C’est vite fait. La peinture a disparu. Il nous le fait constater. Alors, se plaçant devant le bureau, il reste en muette contemplation devant son propre lavis. Cela avait bien pris dix minutes, pendant lesquelles il nous avait ordonné, d’un signe, de garder le silence… dix minutes fort impressionnantes… Qu’attend-il donc?… Soudain, il saisit le crâne de la main droite et, avec le geste familier aux joueurs de boules, il le fait rouler à plusieurs reprises, sur son lavis; puis il nous montre le crâne et nous invite à constater qu’il ne porte la trace d’aucune peinture rouge. Rouletabille tire à nouveau sa montre.

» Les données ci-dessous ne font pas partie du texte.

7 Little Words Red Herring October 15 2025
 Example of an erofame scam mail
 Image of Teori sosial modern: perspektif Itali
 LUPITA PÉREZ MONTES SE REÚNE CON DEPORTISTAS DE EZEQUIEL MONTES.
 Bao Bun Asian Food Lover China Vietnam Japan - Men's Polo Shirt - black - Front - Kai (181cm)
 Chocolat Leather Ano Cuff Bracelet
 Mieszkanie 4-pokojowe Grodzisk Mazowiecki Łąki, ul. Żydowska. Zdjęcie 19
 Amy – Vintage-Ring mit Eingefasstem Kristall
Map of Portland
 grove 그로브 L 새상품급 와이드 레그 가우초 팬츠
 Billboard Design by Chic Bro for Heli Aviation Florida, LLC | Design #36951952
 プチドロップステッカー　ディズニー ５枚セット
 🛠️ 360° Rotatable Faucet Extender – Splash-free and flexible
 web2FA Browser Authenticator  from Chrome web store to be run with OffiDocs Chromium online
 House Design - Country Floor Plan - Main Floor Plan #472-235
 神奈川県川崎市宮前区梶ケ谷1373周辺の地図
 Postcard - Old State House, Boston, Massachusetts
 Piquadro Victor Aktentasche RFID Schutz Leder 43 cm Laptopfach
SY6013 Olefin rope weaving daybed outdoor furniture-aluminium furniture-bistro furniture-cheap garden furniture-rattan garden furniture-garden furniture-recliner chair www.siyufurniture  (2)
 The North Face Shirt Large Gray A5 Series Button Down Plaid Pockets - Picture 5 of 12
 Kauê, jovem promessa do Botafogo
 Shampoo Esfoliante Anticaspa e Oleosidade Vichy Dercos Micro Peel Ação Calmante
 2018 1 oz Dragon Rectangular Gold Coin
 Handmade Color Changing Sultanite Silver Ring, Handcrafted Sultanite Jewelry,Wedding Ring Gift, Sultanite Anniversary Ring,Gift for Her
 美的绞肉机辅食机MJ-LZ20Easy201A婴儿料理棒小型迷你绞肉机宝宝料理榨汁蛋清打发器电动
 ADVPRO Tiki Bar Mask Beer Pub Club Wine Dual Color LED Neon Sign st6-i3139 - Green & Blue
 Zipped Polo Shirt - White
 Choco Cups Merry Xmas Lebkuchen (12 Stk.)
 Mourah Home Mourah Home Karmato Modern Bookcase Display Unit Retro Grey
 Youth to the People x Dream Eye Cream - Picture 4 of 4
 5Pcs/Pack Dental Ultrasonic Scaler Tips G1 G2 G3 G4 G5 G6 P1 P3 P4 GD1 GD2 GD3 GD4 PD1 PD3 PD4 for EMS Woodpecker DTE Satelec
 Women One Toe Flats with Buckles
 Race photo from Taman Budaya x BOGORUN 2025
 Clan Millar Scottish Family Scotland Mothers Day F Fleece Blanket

«La peinture est sèche sur le plan, fait-il. Elle a mis un quart d’heure à sécher. Dans la journée du 11, nous avons vu entrer dans la Tour Carrée, À cinq heures, venant du dehors, M. Darzac. Or, M. Darzac, après être entré dans la Tour Carrée, et après avoir refermé derrière lui les verrous de sa chambre, nous a-t-il dit, n’en est ressorti que lorsque nous sommes venus l’y chercher passé six heures. Quant au vieux Bob, nous l’avons vu entrer dans la Tour Ronde À six heures, avec son crâne vierge de peinture!

«Comment cette peinture qui met seulement un quart d’heure à sécher est-elle, ce jour-là, encore assez fraîche, – plus d’une heure après que M. Darzac l’a quittée, – pour teindre le crâne du vieux Bob que celui-ci, d’un geste de colère, fait rouler sur le lavis en entrant dans la Tour Ronde? Il n’y a qu’une explication à cela et je vous défie d’en trouver une autre, c’est que le M. Darzac qui est entré dans la Tour Carrée À CINQ HEURES, et que nul n’a vu ressortir, n’est pas le même que celui qui venait de peindre dans la Tour Ronde avant l’arrivée du vieux Bob À SIX HEURES, que nous avons trouvé dans la chambre de la Tour Carrée sans l’y avoir vu entrer et avec qui nous sommes ressortis… En un mot: qu’il n’est pas le même que le M. Darzac ici présent devant nous! LE BON BOUT DE LA RAISON NOUS INDIQUE QU’IL Y A DEUX MANIFESTATIONS DARZAC!»